Since we're having a bit of fun, my suggestion would be to horizontally flip the level entirely. I suspect it would rapidly become more intuitive than you'd think; a shock the first couple of times, but just "how it works" after that.

Further edit: I have no idea why, but in my head the color palette shifts when the screen is reversed, like all the colors get 20% darker. (Perhaps I'm analogizing with A Link to the Past's "Dark World", which isn't really the same thing, but you are welcome to explain that to my subconscious at your leisure.) It doesn't seem like there's a good reason for that from a Portal point of view, but it would offer a subtle hint that you're supposed to be going the other way now.

You wouldn't need to change the color palette. Freeze the gameplay and animate the world "flipping over" as a big 3D surface, like in Paper Mario. Continuity is established, problem solved.
Would you have the controls also be reversed (left becomes right and vice versa)? I'm not sure what makes most sense. Maybe you'd get used to it after a while.
What I am planning to do is make it like in games that have fixed cameras: When the camera changes, the character keeps walking into the same direction unless the player presses in another direction.
No, just the one. You step the portal and the only the world reverses. You keep holding right, and you go right-original, through the portal, then right-mirrored, but it's always right, so there's always agreement between the user's direction and the motion of Mario. It's the world that gets flipped instead of your control scheme.

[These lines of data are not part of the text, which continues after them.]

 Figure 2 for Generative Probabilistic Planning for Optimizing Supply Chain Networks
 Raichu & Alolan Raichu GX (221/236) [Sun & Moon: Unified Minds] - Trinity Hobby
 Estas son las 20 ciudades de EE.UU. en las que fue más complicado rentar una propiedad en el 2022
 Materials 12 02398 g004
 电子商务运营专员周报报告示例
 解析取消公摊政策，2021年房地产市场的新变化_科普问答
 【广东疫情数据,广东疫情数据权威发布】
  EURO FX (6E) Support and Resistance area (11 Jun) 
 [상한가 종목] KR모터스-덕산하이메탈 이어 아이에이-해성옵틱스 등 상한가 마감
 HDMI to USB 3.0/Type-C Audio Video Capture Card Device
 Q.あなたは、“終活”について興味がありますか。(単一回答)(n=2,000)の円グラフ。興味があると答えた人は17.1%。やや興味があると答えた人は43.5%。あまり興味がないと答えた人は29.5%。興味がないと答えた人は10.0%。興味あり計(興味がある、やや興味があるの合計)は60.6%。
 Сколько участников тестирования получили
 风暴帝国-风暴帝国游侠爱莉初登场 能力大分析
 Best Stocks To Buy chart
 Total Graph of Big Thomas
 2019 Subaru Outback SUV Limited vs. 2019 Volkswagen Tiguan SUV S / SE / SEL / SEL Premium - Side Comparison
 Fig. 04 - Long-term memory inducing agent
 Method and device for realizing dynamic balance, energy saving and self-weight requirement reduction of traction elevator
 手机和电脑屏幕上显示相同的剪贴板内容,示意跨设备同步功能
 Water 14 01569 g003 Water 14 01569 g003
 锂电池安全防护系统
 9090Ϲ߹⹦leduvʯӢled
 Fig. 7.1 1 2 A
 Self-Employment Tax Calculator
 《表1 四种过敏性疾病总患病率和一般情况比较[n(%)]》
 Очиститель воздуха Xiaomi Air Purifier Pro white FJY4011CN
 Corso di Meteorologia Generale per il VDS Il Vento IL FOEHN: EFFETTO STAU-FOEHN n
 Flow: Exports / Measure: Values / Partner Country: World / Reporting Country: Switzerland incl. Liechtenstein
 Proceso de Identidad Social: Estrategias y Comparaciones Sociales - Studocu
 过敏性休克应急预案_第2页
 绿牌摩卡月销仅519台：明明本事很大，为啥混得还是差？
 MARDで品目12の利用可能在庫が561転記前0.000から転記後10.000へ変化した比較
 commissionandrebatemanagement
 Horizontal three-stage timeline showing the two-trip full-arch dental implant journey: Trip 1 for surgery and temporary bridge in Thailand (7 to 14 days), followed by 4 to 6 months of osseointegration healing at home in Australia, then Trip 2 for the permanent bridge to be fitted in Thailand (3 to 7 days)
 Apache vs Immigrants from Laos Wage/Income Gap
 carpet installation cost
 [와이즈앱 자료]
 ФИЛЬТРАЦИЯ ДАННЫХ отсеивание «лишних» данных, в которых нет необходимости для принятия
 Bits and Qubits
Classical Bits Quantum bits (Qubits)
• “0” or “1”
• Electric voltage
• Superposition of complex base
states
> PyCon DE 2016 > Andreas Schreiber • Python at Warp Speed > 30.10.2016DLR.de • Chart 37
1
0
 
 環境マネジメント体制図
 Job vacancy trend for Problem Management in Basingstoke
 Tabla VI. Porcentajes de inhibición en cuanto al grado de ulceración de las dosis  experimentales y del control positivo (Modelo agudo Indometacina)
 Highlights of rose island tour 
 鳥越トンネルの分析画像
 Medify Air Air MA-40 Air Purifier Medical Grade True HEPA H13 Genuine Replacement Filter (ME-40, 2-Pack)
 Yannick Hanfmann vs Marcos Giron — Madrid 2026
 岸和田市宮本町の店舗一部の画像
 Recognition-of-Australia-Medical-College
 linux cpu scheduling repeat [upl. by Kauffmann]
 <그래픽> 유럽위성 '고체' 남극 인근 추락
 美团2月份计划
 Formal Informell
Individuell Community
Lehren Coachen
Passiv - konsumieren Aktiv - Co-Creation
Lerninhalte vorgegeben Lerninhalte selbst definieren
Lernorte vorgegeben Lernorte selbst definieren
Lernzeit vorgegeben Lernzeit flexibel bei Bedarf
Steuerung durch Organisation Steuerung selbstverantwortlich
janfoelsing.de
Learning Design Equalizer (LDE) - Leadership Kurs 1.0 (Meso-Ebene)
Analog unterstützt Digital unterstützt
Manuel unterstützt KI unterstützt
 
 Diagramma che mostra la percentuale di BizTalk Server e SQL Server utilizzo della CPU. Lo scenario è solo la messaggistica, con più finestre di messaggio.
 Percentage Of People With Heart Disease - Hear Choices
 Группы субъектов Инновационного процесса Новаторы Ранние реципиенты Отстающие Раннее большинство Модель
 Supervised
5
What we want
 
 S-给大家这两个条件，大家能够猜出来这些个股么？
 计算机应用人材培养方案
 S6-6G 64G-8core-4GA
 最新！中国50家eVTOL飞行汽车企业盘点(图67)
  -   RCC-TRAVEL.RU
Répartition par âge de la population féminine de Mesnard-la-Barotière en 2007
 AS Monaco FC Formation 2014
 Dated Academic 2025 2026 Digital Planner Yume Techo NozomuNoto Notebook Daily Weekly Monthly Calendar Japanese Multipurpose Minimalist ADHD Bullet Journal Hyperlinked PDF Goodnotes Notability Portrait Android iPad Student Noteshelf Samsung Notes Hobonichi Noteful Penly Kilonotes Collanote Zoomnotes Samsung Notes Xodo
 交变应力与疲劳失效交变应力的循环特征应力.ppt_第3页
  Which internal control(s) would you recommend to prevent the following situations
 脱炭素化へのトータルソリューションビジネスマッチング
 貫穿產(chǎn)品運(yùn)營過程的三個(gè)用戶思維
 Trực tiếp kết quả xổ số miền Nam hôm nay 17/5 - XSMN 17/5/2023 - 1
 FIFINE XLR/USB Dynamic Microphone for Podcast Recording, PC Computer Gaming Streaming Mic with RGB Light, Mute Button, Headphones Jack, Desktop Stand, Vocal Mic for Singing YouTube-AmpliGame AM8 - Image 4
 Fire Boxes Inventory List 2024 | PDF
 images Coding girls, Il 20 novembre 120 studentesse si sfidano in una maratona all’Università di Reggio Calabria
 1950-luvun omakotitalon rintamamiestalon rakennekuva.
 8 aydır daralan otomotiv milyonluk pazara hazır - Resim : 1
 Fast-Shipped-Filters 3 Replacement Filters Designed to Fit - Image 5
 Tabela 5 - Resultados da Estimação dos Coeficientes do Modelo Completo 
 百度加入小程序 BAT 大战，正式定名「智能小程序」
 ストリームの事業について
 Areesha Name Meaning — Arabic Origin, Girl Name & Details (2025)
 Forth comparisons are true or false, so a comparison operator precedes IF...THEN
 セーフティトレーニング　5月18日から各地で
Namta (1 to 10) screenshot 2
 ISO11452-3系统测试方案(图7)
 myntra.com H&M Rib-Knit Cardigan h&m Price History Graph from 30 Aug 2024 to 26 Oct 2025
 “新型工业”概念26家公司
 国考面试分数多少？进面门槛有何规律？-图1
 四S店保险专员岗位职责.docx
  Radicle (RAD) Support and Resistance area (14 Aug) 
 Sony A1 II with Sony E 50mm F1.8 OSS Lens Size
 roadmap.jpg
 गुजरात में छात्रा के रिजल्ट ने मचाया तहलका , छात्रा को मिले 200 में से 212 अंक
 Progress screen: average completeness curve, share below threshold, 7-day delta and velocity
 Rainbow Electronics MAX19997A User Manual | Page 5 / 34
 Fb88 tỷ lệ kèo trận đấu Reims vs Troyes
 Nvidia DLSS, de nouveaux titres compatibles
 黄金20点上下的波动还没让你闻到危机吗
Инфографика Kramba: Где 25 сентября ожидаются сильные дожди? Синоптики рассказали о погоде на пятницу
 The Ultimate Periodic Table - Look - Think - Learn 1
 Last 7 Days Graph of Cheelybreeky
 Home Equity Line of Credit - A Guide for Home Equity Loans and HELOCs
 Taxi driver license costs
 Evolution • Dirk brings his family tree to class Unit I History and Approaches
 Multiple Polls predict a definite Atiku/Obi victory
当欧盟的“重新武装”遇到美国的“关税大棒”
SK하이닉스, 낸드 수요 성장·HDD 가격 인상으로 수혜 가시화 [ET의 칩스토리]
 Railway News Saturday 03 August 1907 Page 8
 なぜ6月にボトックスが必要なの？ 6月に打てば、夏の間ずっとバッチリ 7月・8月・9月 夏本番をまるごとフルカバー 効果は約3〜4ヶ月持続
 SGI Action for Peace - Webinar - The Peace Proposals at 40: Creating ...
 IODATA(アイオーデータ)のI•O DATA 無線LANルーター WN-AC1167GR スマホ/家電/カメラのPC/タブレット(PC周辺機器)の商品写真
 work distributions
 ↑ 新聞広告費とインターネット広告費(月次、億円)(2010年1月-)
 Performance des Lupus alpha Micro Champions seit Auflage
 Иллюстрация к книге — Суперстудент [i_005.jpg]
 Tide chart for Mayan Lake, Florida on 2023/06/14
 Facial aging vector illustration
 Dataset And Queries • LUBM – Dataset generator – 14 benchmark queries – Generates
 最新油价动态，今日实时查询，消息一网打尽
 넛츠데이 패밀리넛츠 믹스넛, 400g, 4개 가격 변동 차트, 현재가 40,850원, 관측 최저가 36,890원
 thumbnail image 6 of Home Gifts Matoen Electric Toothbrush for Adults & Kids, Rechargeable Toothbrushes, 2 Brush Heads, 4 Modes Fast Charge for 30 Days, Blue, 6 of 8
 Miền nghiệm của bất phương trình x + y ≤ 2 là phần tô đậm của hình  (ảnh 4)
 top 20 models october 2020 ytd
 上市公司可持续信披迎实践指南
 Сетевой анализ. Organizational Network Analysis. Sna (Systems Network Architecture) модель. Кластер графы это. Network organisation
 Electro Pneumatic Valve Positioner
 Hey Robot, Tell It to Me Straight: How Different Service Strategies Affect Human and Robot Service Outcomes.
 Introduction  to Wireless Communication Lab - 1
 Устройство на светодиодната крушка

The idea that Stabyourself puts forth is arguably the default answer, in the sense that it is the usual one, but while basically functional, it never ever feels right. I just got done with Catherine recently which does the same basic thing (albeit with going behind something instead of going through a portal, but it's the same reversal problem) and 18 hours into the game it still felt unnatural... and that's hardly the first time I've encountered the "keep going a certain direction while held, then completely rekajigger the interface at an arbitrary point in the future when the user recenters the controls", either, so it's felt unnatural for even longer than that. (For bonus points, play on an Atari 2600 controller that just likes to cut out for a frame or two every so often, so the effect is that the game's controls appear to simply spontaneously revert.) Flipping the world would at least be changing things up.

portal: the flash version seems to work well enough. The directions are constant, but the momentum gives you time to shift your heading as you enter/exit portals

http://portal.wecreatestuff.com/

Oddly, couldn't get that one to work; got a "Press any key to continue" that never responded.